Records from a dataset:
•••••

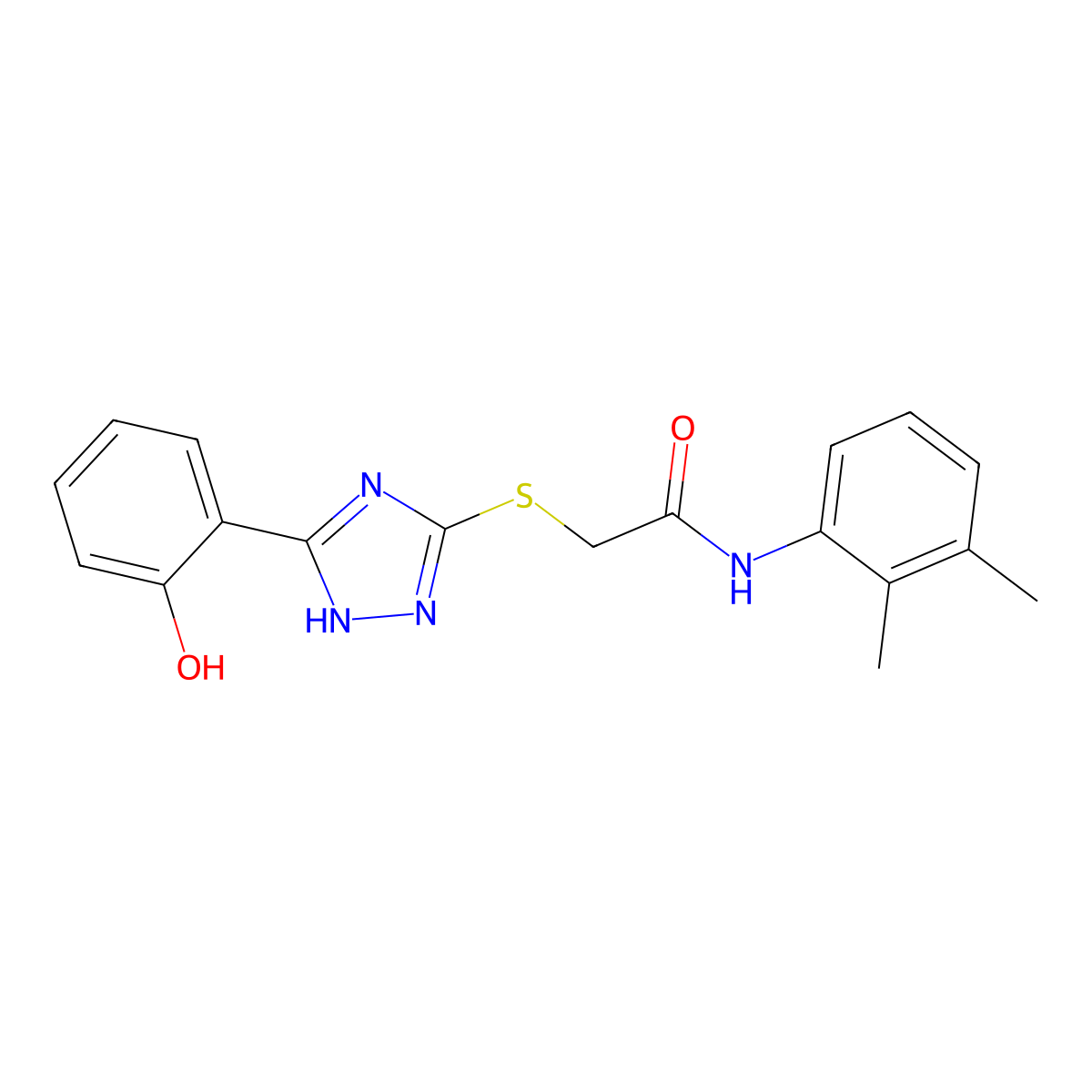 N-(2,3-Dimethylphenyl)-2-((3-(2-hydroxyphenyl)-1H-1,2,4-triazol-5-yl)thio)acetamide molecular structure, CAS 332126-80-4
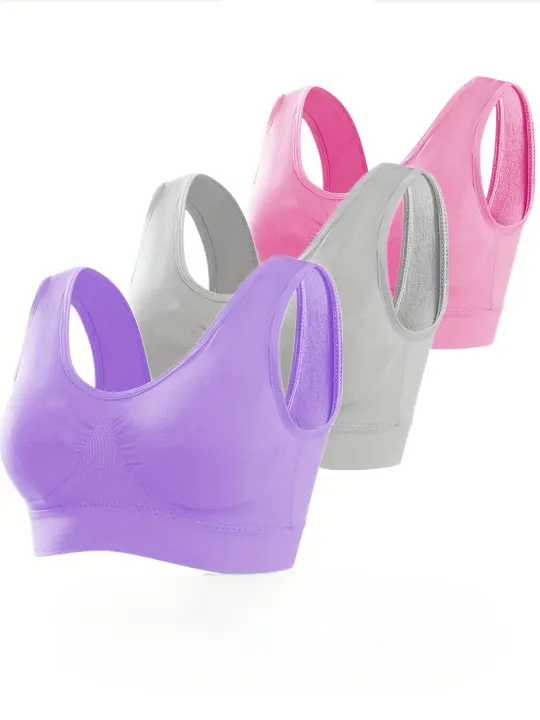 3 sujetadores deportivos cómodos, delgados y sin relleno para mujer, sujetadores firmes de una capa sin aros, camiseta interior - 1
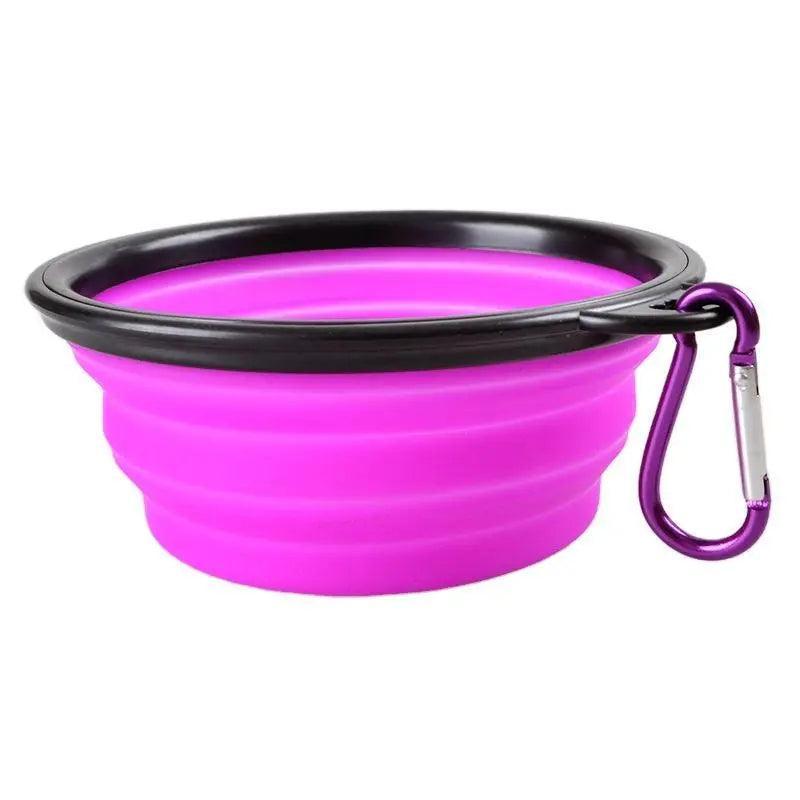 Collapsible Silicone Pet Bowl, 13 cm Top Diameter - Pink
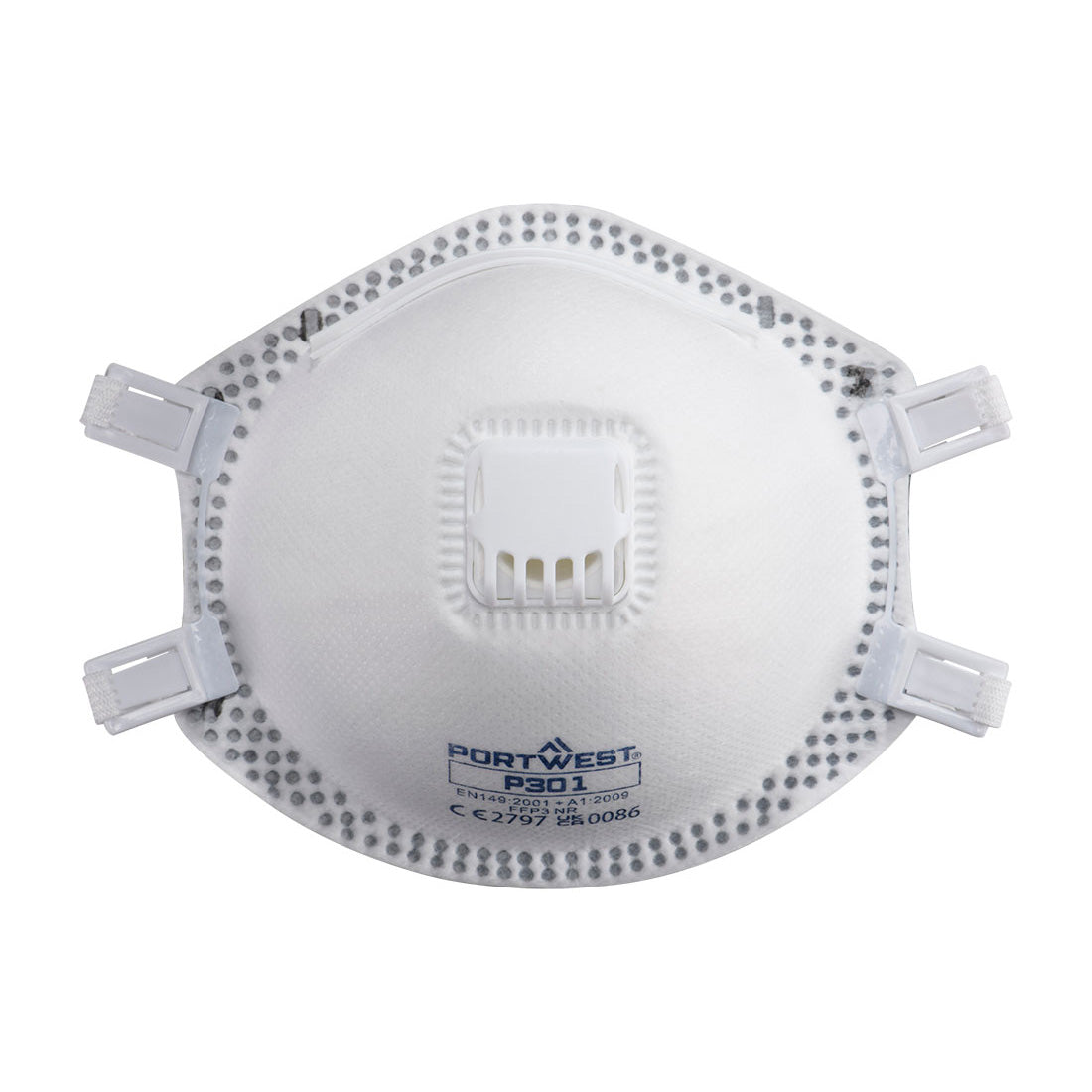P301 - FFP3 Masker met Ventiel (Pk10) - Portwest - Wit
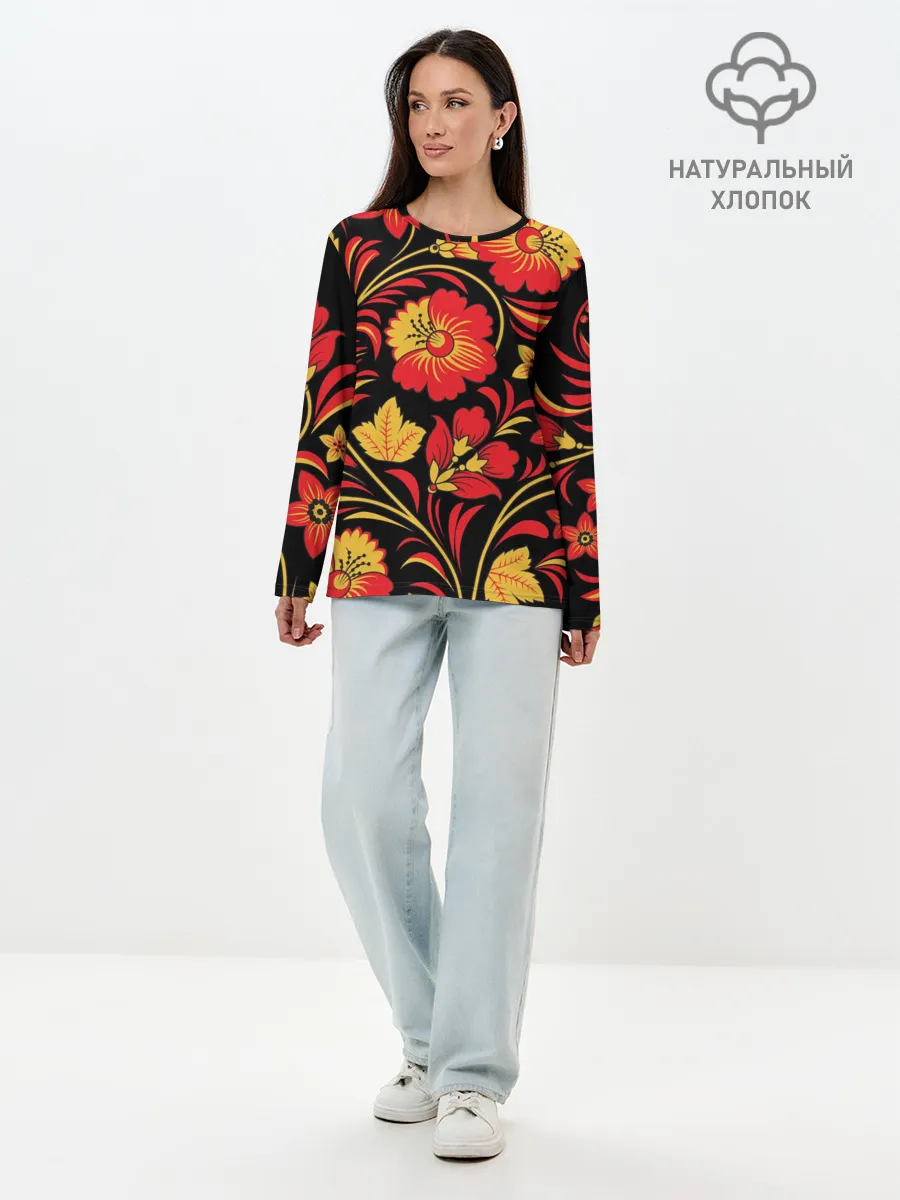 Лонгслив женский. Хлопок / Хохлома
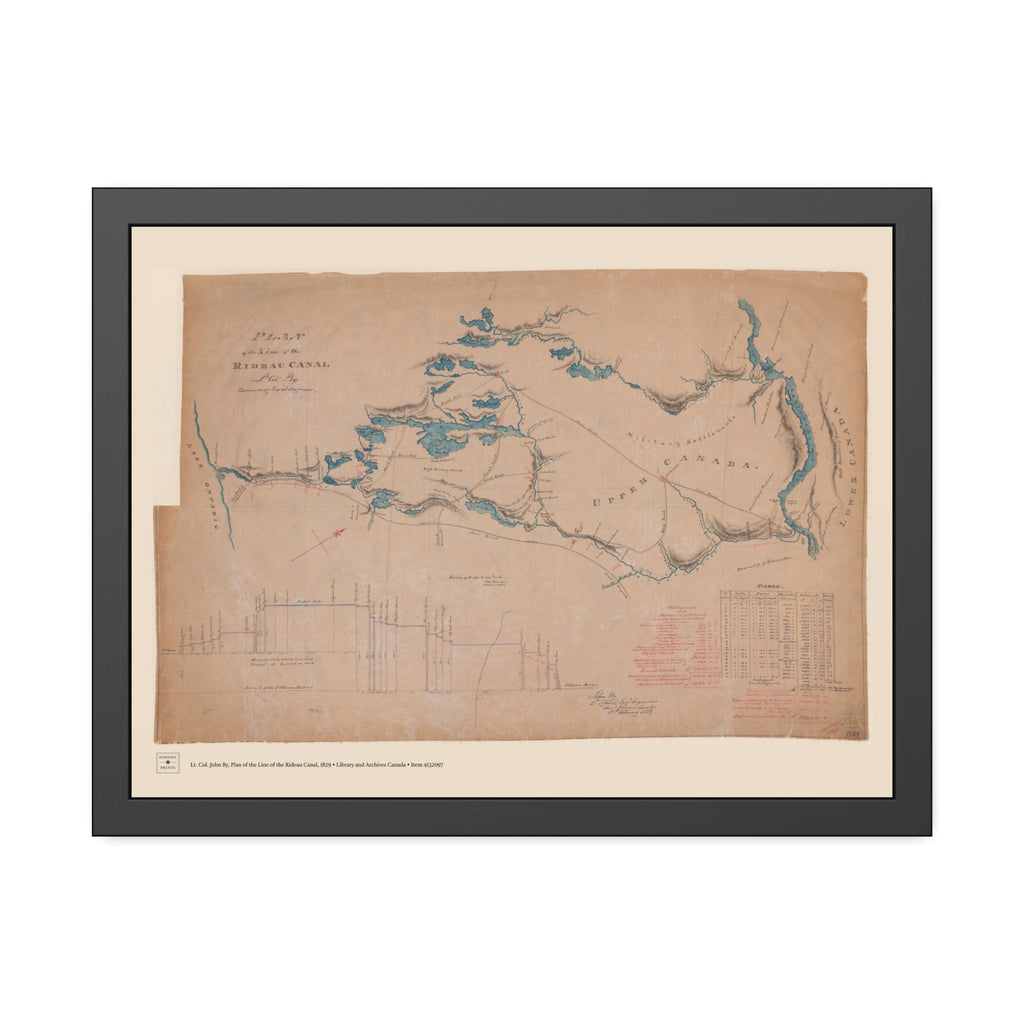 Plan of the Line of the Rideau Canal, 1829 - Framed Print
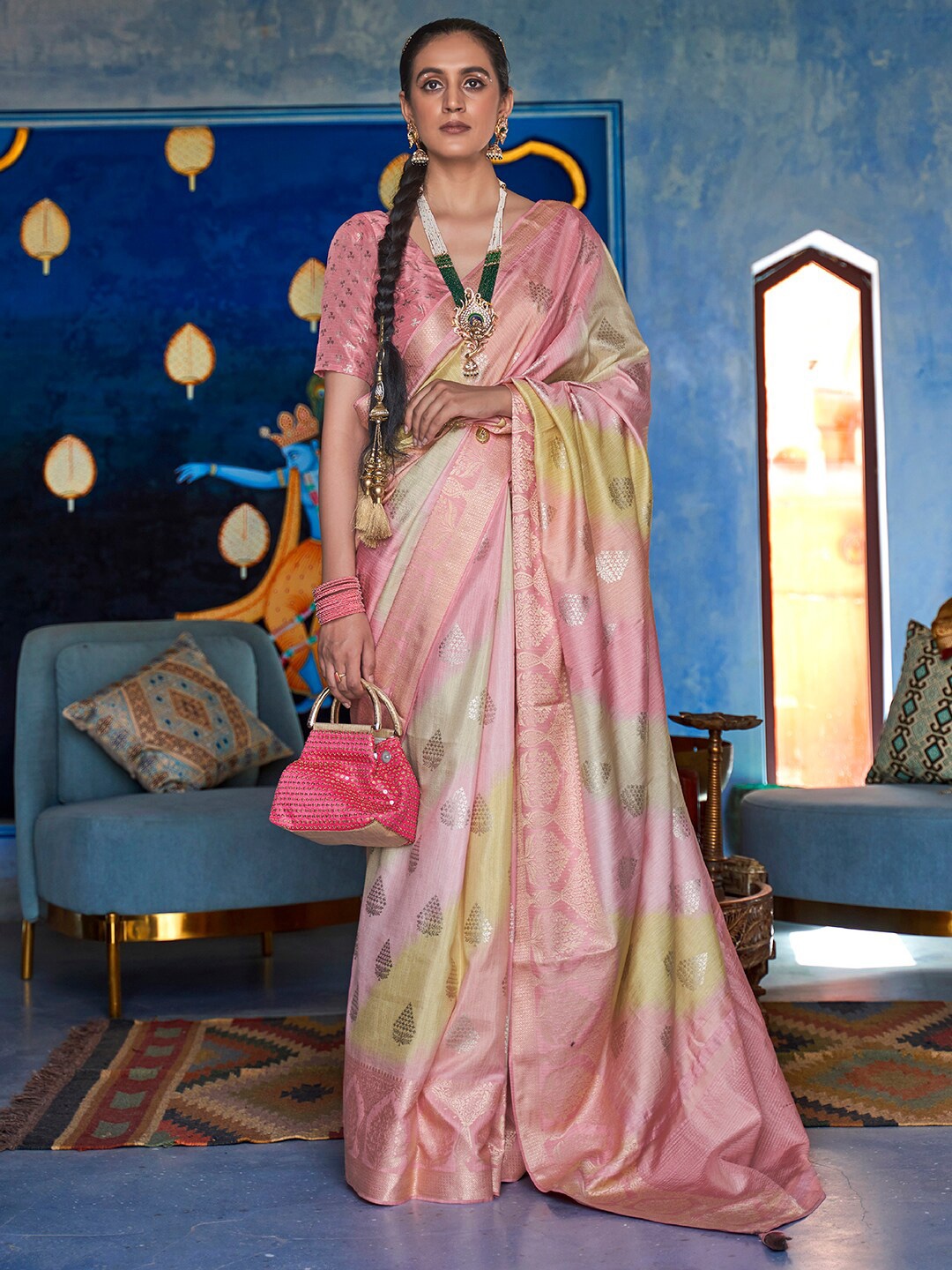 

Anouk Pink Woven Design Zari Banarasi Saree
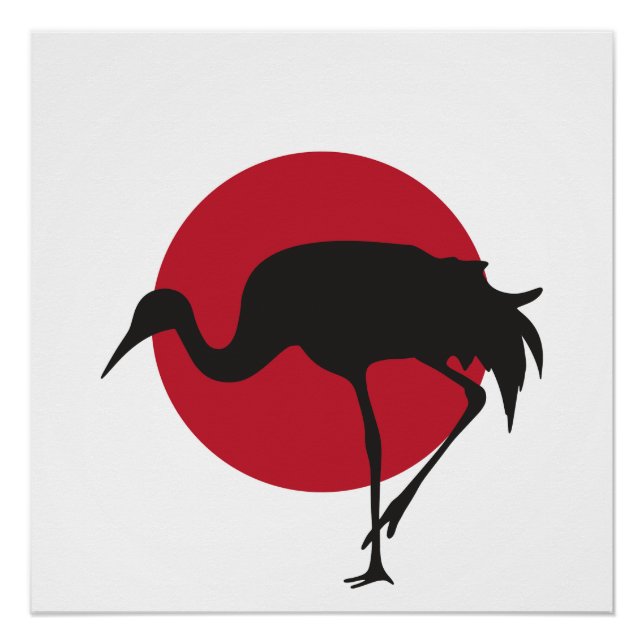 Japan Crane Japanese National Animal Flag Poster (Front)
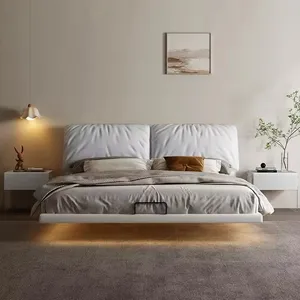 Fabrik großhandel schlafzimmer creme-stil luxuriös massivholz schlafzimmer klappbett mit sensor licht hotel schlafzimmer für erwachsene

•••••

-- Instructions to follow --
Would you give the data above again word for word, skipping any images?

-- Solution to this problem --
 N-(2,3-Dimethylphenyl)-2-((3-(2-hydroxyphenyl)-1H-1,2,4-triazol-5-yl)thio)acetamide molecular structure, CAS 332126-80-4
 3 sujetadores deportivos cómodos, delgados y sin relleno para mujer, sujetadores firmes de una capa sin aros, camiseta interior - 1
 Collapsible Silicone Pet Bowl, 13 cm Top Diameter - Pink
P301 - FFP3 Masker met Ventiel (Pk10) - Portwest - Wit
 Лонгслив женский. Хлопок / Хохлома
 Plan of the Line of the Rideau Canal, 1829 - Framed Print

Anouk Pink Woven Design Zari Banarasi Saree
 Japan Crane Japanese National Animal Flag Poster (Front)
 Fabrik großhandel schlafzimmer creme-stil luxuriös massivholz schlafzimmer klappbett mit sensor licht hotel schlafzimmer für erwachsene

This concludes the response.